BHP Billiton has released a proposed plan for its coalmine on the Liverpool Plains that it says shows beyond doubt there will be no impact on local agriculture, but which opponents maintain could spell the end of farming in the area.
The plan for the Caroona Coal Project is part of the company’s Gateway submission to the NSW government, the first step in the mining approval process.
It presented the submission to a meeting of the Caroona Coal Project Community Consultative Committee yesterday, before it’s sub- mitted to the Mining and Petroleum Gateway Panel tomorrow.
The Gateway process is an independent, scientific assessment of the impact of new state-significant mining and coal seam gas proposals on strategic agricultural land and its associated water resources.
NSW energy coal asset president for BHP Billiton Peter Sharpe said the preliminary environmental studies undertaken as part of the BHP Billiton document indicated the mine would not impact on the underground aquifers, the main bone of contention with those opposed to the project.
Farmer and chairman of the Caroona Coal Action Group Tim Duddy was at yesterday’s meeting and told The Leader in his opinion, the submission had shown the opposite.
“It’s showing an impact of 180m (of drawdown) on some of the aquifers farmers use for irrigation,” he said.
“What this application flags is the beginning of the end of agriculture on the Liverpool Plains.”

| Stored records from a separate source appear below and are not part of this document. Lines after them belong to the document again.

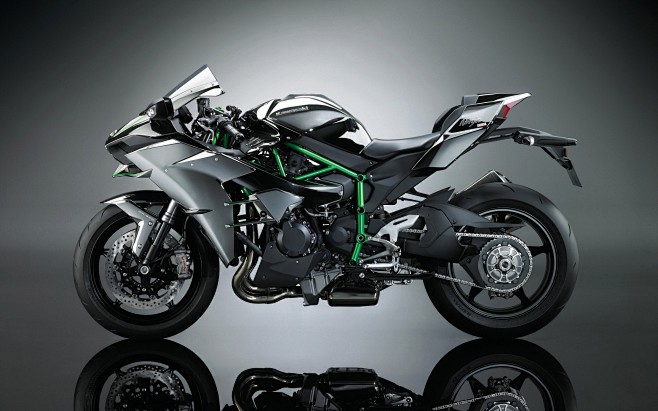 高清晰川崎忍者h2摩托车壁纸封面大图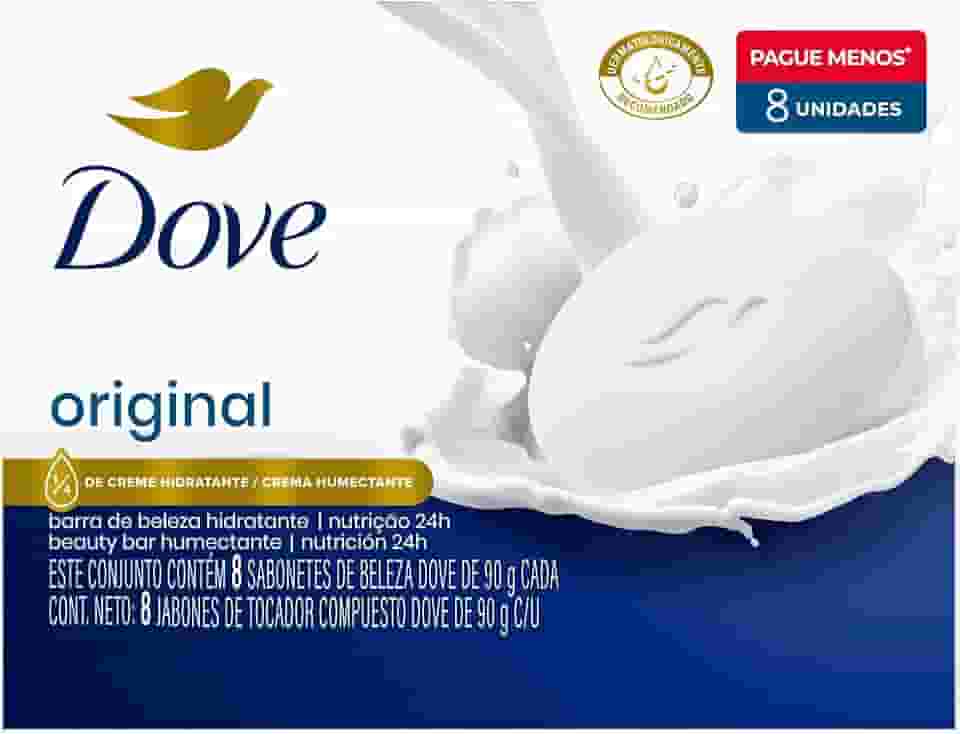 Dove Sabonete Em Barra Branco 90G - 8 Unidades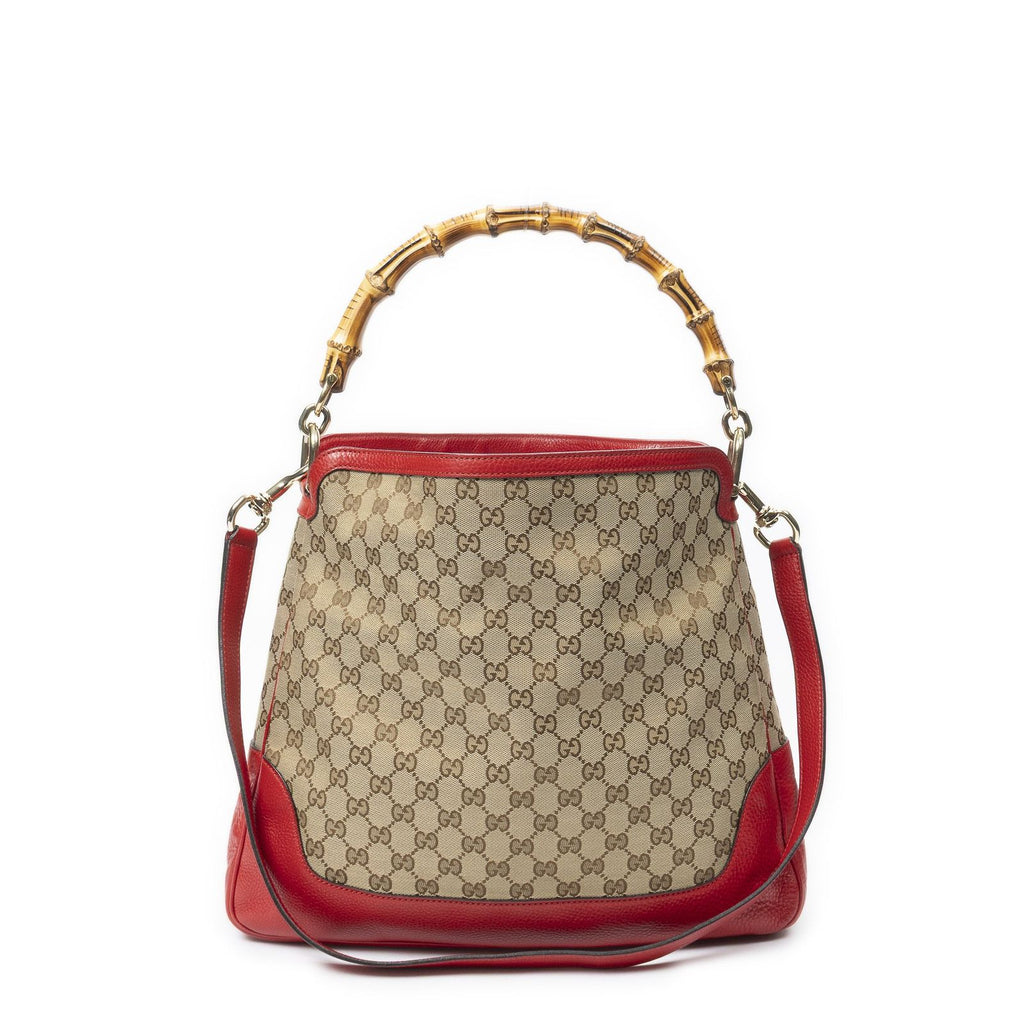 Gucci Diana Bamboo Hobo Beige Red GG Canvas — view 5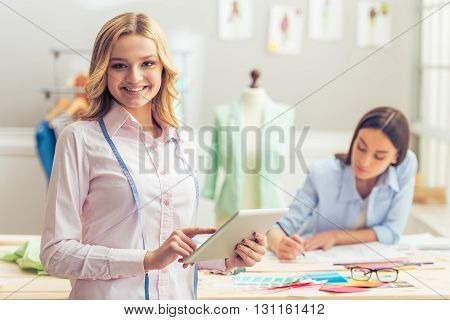 Beautiful Designers Working With Gadget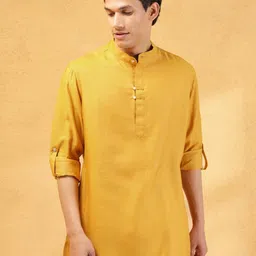 Fabindia Band Collar Roll-Up Sleeves Straight Short Kurta-image-7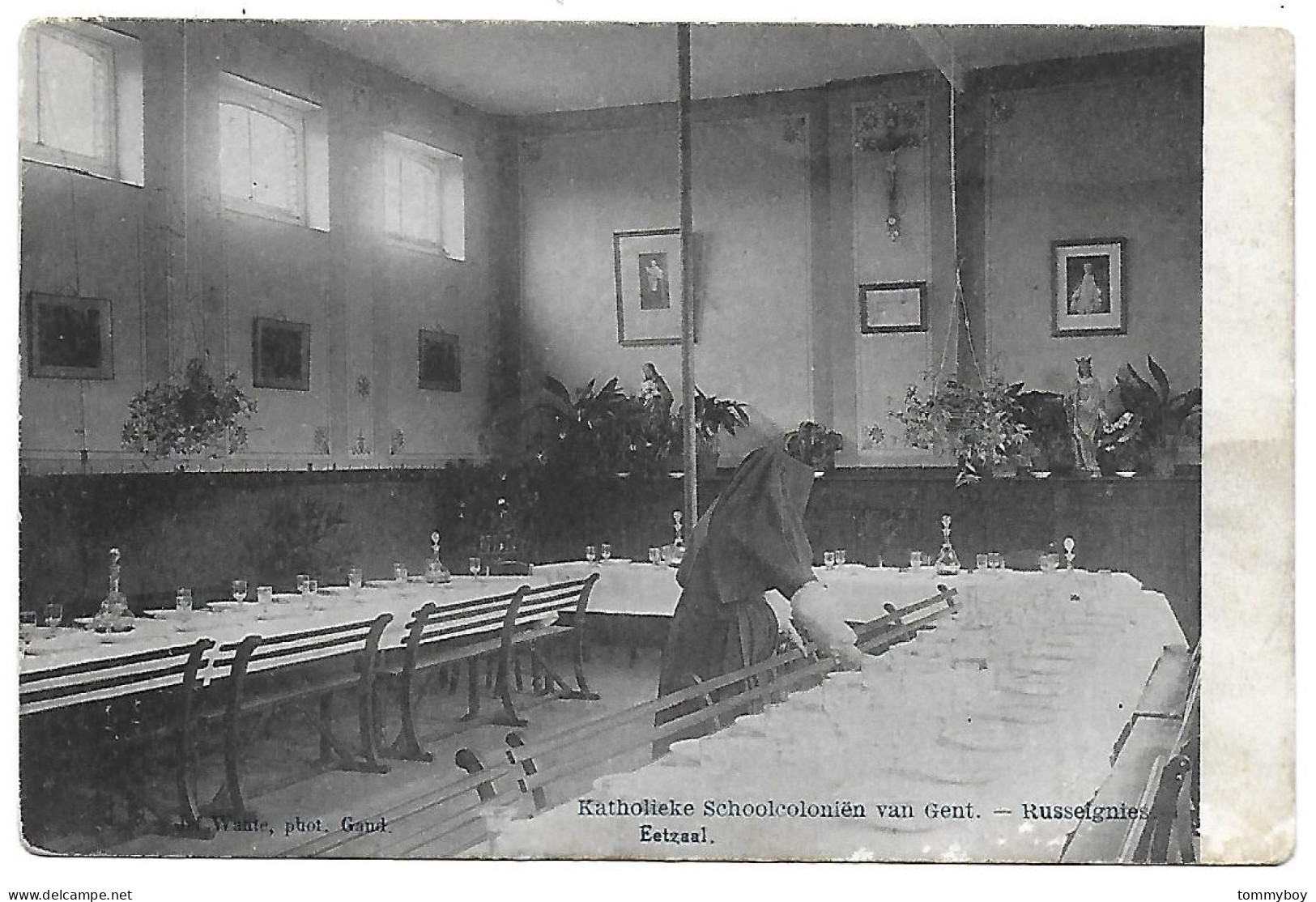 CPA Russeignies, Katholieke Schoolcoloniën Van Gent, Eetzaal - Mont-de-l'Enclus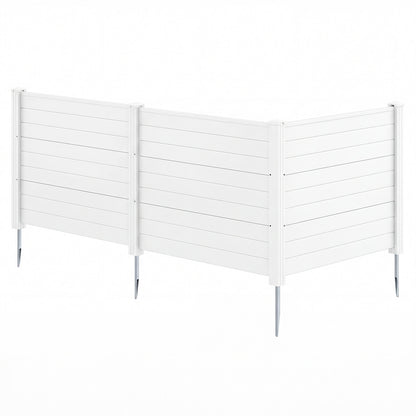 48 x 38 Inch Air Conditioner Fence 3 Panels with Metal Ground Stakes for Patio Backyard-White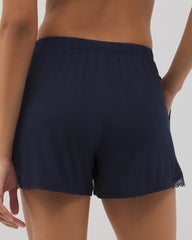 NIGHTFALL NAVY - Lace Trim Pajama Shorts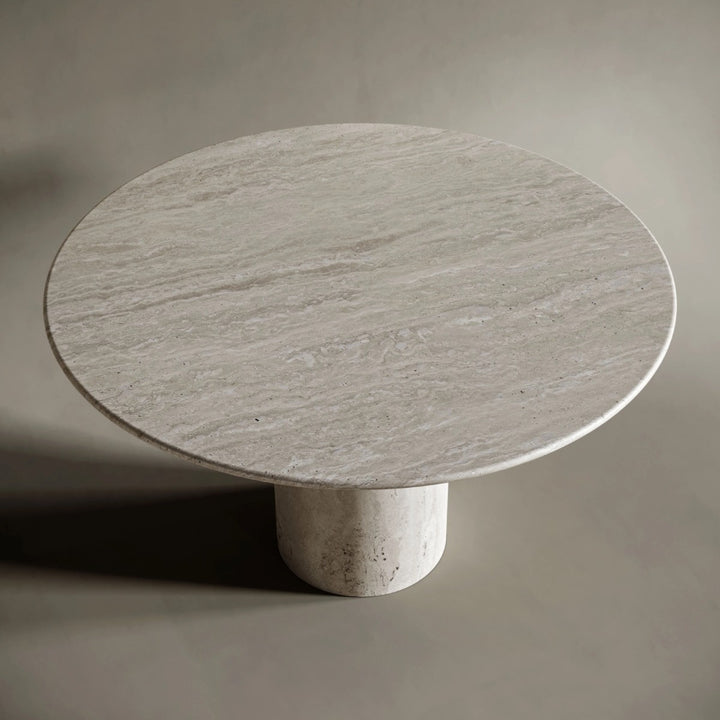 Jeri Ovel Travertine Stone Dining Table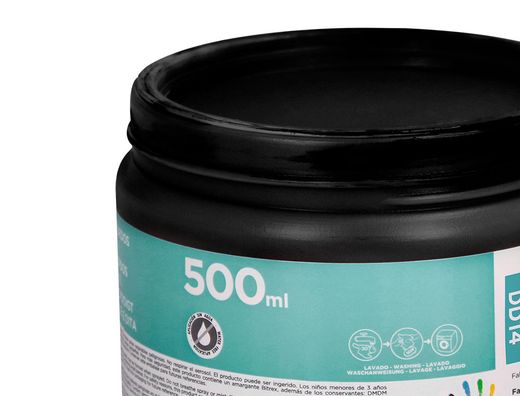 Pintura dedos liderpapel tarrina de 500 cc negro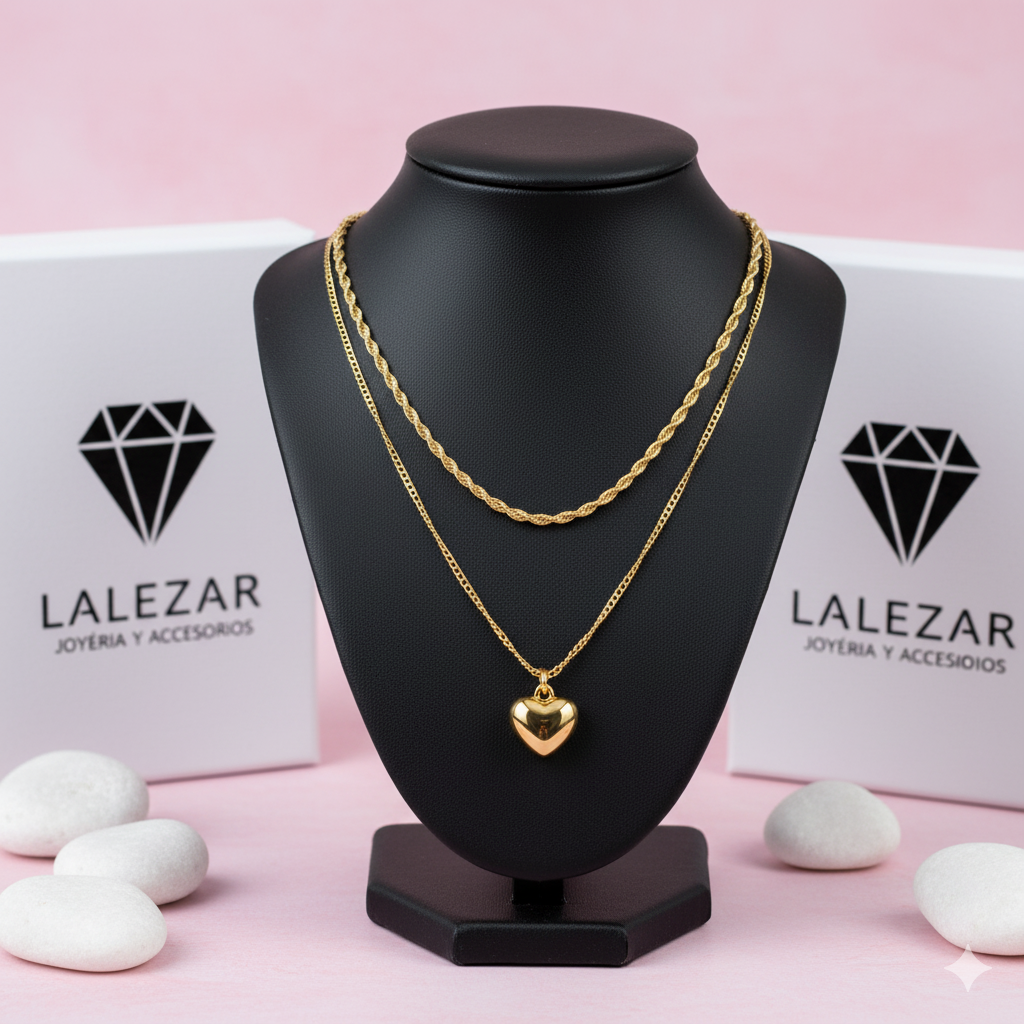 COLLAR CORAZON DORADO DOBLE CAIDA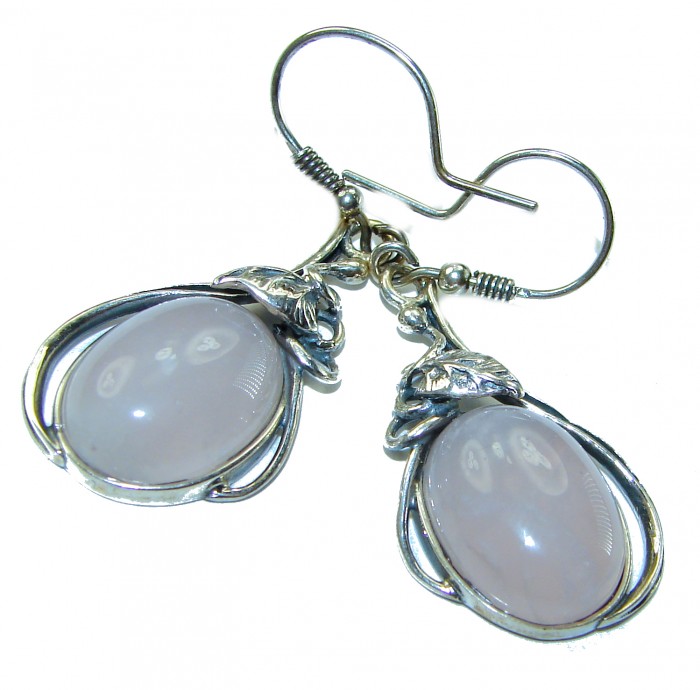 authentic 14.2 carat Rose Quartz .925 Silver handcrafted Statement earrings - photo 2
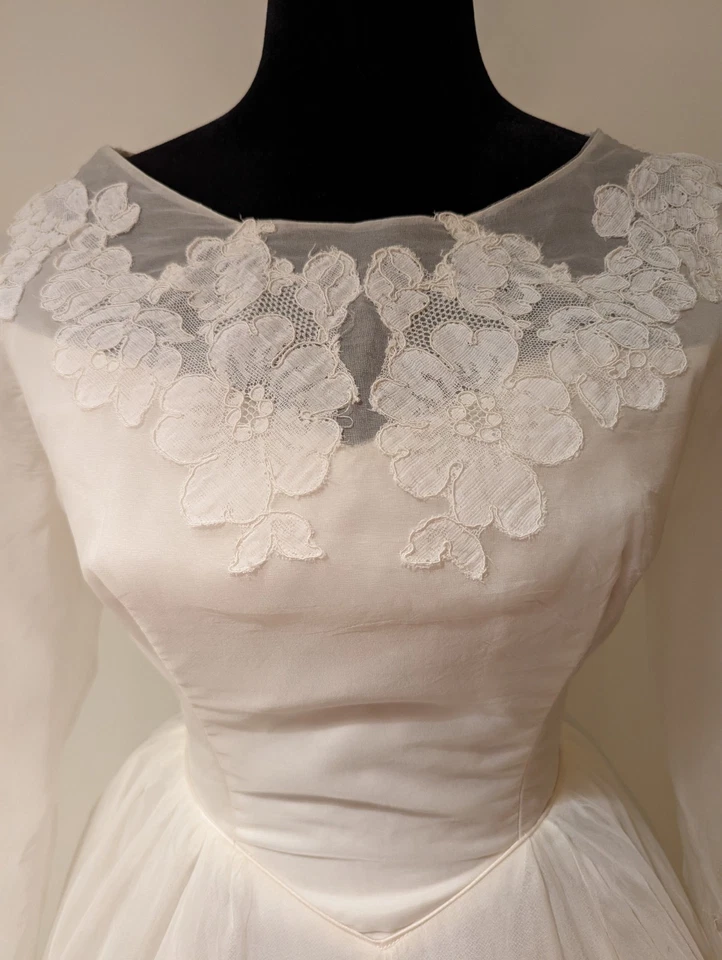 Vestido de novia vintage de tul de encaje blanco sin marca de los años 50 falda interior con cremallera trasera  Foto 2 de 4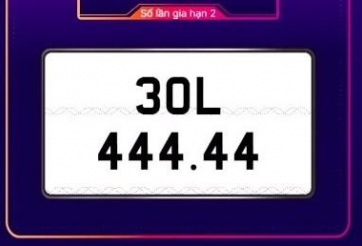 Siêu biển số 30L-444.44 chốt giá cao bất ngờ lên tới 3,7 tỷ đồng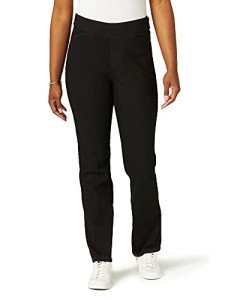 chic classic collection Women's Easy Fit Elastic Waist Pull On Pant, Black Denim, 16 Petite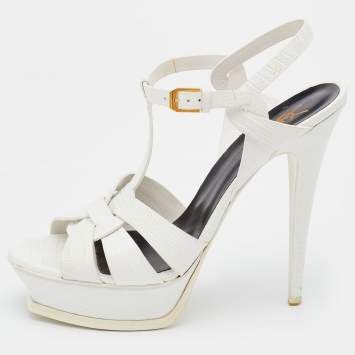 Pre Owned Saint Laurent White Lizard Embossed Leather Tribute Sandals Size 40.5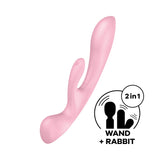 Satisfyer Triple Oh - Pink USB Rechargeable Rabbit Vibrator - Image 1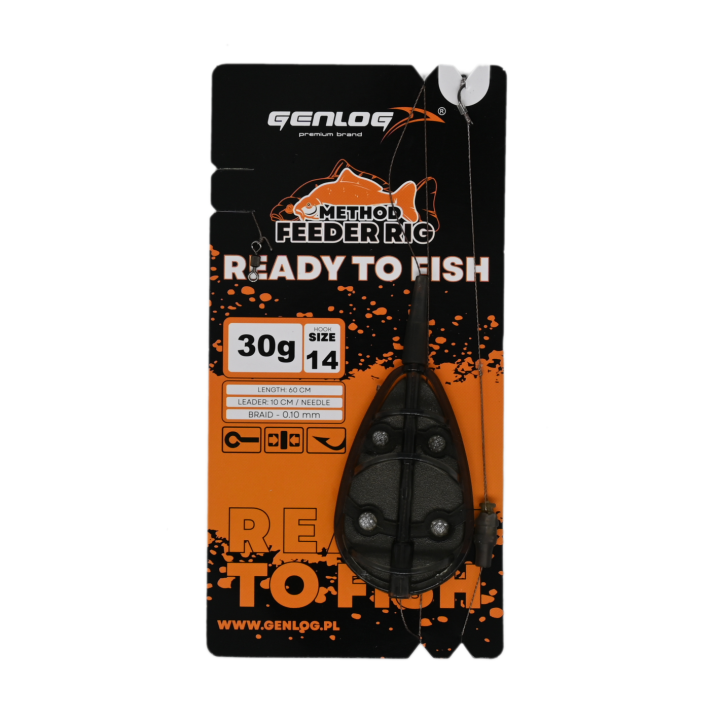 Gotowy Zestaw Method Feeder GENLOG Ready to Fish hak 14 Podajnik 30g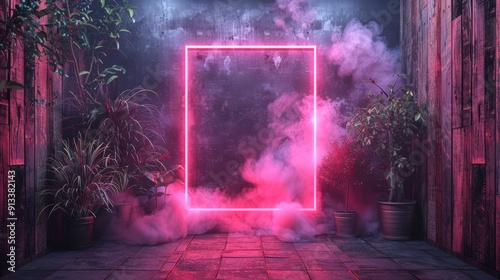 Fototapeta Naklejka Na Ścianę i Meble -  A pink neon frame glows against a dark background.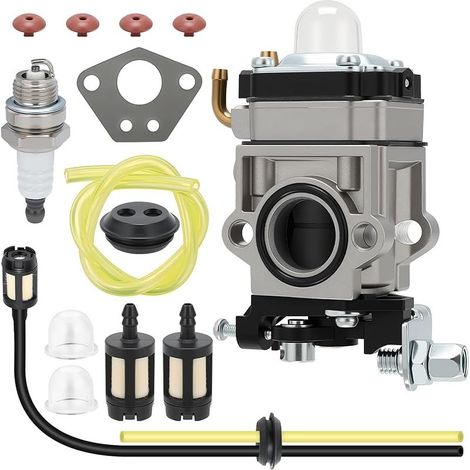 Carburateur Débroussailleuse 52cc 49cc 43cc Carbu Kit Carbu avec Joint Tuyau, Bougie et Filtre à Essence (14PCS) (1/4)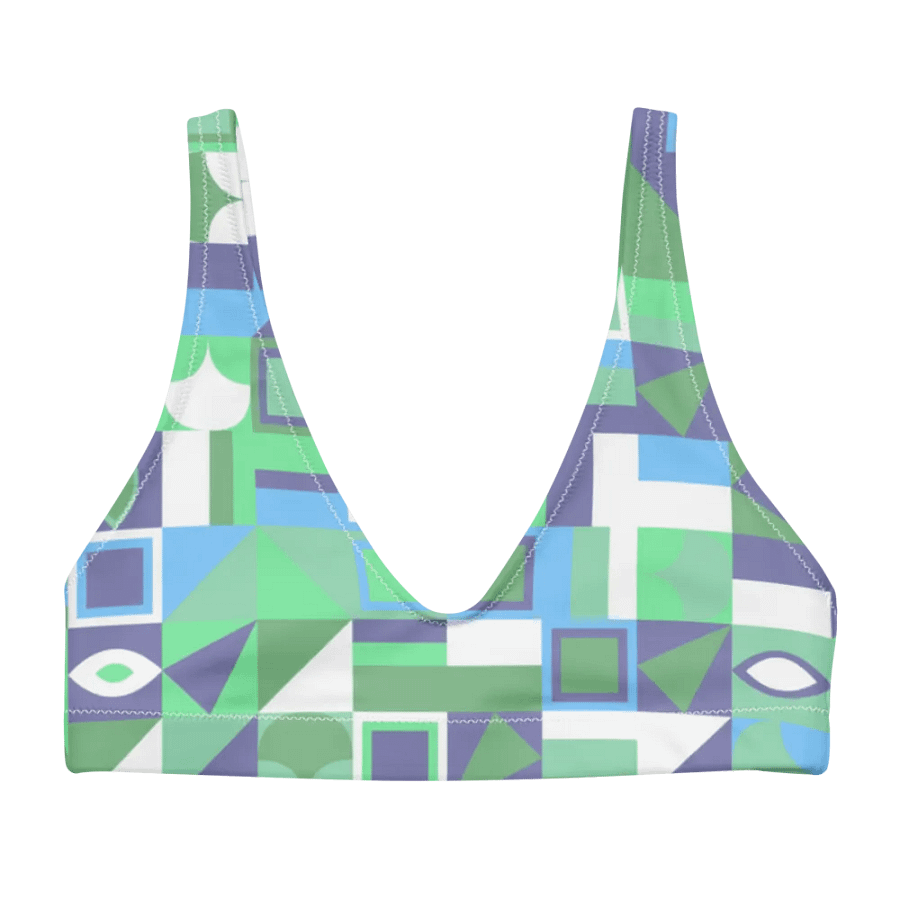 Colorful Vector Patterns Design Padded Bikini Top - v16 product image (3)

Mr Duddy said one of the conditions of the granting of the exploration licence was there would be no mining on or under the flood plain, but the submission indicated this was what was being contemplated.
He said his group would now be writing to the Gateway panel, which has 90 days to assess the submission, outlining their objections.
Members would also continue their fundraising activities to engage more expert opinion in the lead-up to the submission of the company’s final environmental impact statement, which BHP Billiton says is still at least 12 months away.
Mr Sharpe maintained the company would only proceed with the mine if it could satisfy the environmental requirements at each stage of the assessment process and show real benefits for the economy and community.
BHP Billiton says the mine, which is expected to have a 30-year life, will generate 400 full-time jobs at peak production and 600 during construction.